The industry is divided. An organization known as Americans for Fair Skies is campaigning in support of the US government. It says: “This is an important first step towards restoring fairness to our skies and stopping the largest trade violation in history.” Outside the US, not surprisingly, Lufthansa had openly stated its support of the US carriers. When Carsten Spohr assumed appointment to helm the German carrier, he expressed concerns about encroachment by Gulf carriers in Europe and set himself the task of tackling that issue. Interestingly even Etihad, an affected party to the dispute, actually “applauds” the US government “for setting up a transparent process to deal fairly and responsibly with the claims.
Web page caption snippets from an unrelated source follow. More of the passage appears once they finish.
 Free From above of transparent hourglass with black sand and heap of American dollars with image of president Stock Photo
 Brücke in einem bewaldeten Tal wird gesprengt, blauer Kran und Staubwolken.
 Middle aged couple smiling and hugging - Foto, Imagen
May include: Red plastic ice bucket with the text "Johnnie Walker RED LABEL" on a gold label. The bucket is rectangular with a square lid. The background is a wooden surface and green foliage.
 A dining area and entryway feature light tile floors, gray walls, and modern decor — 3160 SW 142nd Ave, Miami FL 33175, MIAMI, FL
Etihad Airways is committed to setting the record straight regarding these unsubstantiated allegations.” While Emirates argues in defence, Etihad is issuing DOT a challenge.
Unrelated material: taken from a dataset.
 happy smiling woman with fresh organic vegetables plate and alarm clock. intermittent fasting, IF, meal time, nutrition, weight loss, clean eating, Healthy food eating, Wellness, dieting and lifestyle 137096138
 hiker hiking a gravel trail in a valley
Conversely, not everyone in the US is supporting the US carriers’ pressure on its administration to review its Open Skies policy, if not specifically the agreements executed with the Gulf carriers. US airlines may feel the pinch of competition by foreign carriers, but US airports are welcoming of the increased traffic that those carriers bring. Then there are consumer groups who are benefitting from lower airfares, better service and wider consumer choice. Business Travel Coalition chairman Kevin Mitchell wrote in a letter to the government: “Now that US airlines have secured antitrust immunity, industry consolidation and concomitantly rising airfares and ancillary fees, and are achieving record unprecedented profits, some carriers shamelessly seek to close off US markets to competition from foreign carriers.” JetBlue chief executive Robin Hayes for one is not joining the protesters.

Mr Clark would remind the US government how Gulf carriers have contributed to not only the growth of traffic but also providing access to markets not previously served by any US carrier. An example was the connection between Seattle and Hyderabab in India via Dubai. He said: “Look at where these people are going and ask yourself where was Delta, where was Untied, where was American when the world was becoming more globalized?”

While DOT said it would address the concerns raised by the US carriers, its spokesman Brian Farber qualified that the administration “remains committed to the open skies policy which has greatly benefitted the travelling public, the US aviation industry, American cities and the broader US economy through increased travel and trade, and job growth.” There will be wide ramifications, no doubt. Open Skies is not just about a specific airline’s bottom line. In defending the case for Gulf carriers, Mr Hogan had said: “We make no apologies for offering new competitive choice for travellers. Open skies should be about customer choice.” But is it really, one wonders, in practice?

It is unlikely that the US government will turn the Open Skies policy topsy turvy and go for a clean slate, renegotiating the agreements with the Gulf carriers. One can anticipate new restrictions in the road ahead, and tweaks where ambiguity permits. Its impact will be global. Some European parties are already watching closely moves by Gulf carriers to gain a bigger slice of the European pie, not just the competition in offering seats but also in the bold acquisition of stakes in European carriers. In Australia, Etihad is a co-owner of Virgin Australia. Emirates operates a mega alliance with Qantas. It would be interesting if the Australian government grants Emirates, but not SIA, rights to fly transpacific from its ports.

Unbeknownst to many, there may be a price to pay for success. The Gulf carriers may have become victims of their own successes, in the same way that it is once said of SIA in its heyday.